> _EXERCISE PROMPT_
Output exactly, in the material below, the lines from the one with "UNIQLO U/ユニクロユー/カーディガン/ボレロ/トップス/ベージュ/L" through the one with "Pavillon de l'Impératrice de Vieux-Moulin". Omit all pictures.

> _DATA FOR PROCESSING_
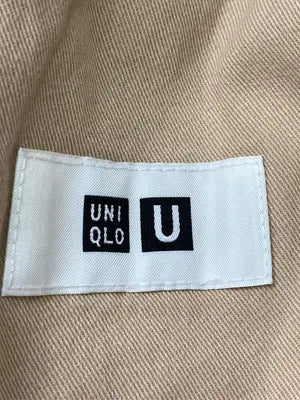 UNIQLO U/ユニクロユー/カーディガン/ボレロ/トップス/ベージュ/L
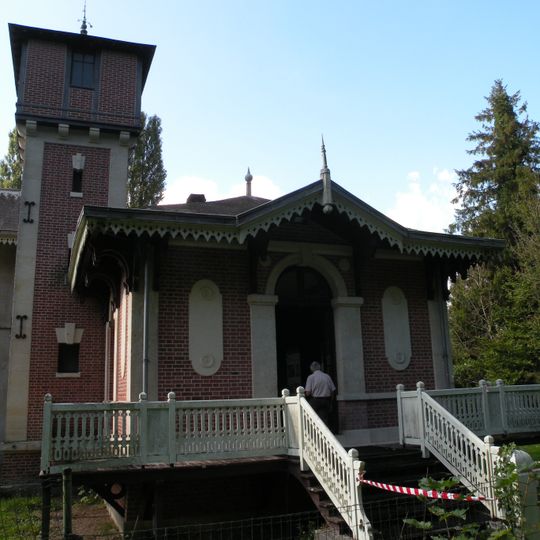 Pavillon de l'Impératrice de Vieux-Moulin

...

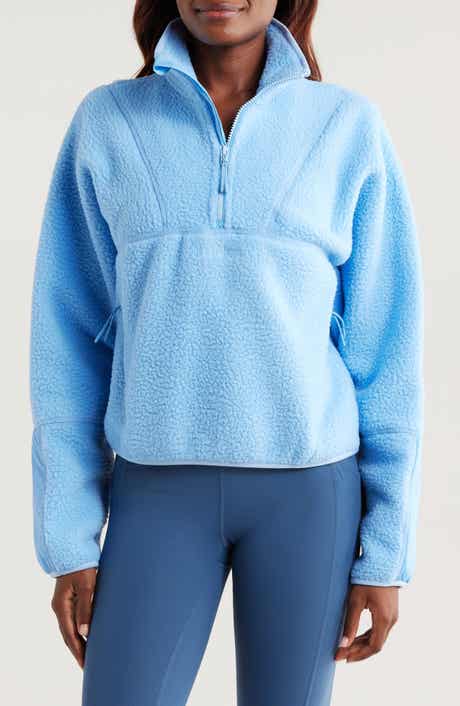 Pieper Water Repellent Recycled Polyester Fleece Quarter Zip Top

> _SOLUTION TO THIS PROBLEM_
 UNIQLO U/ユニクロユー/カーディガン/ボレロ/トップス/ベージュ/L
 Pavillon de l'Impératrice de Vieux-Moulin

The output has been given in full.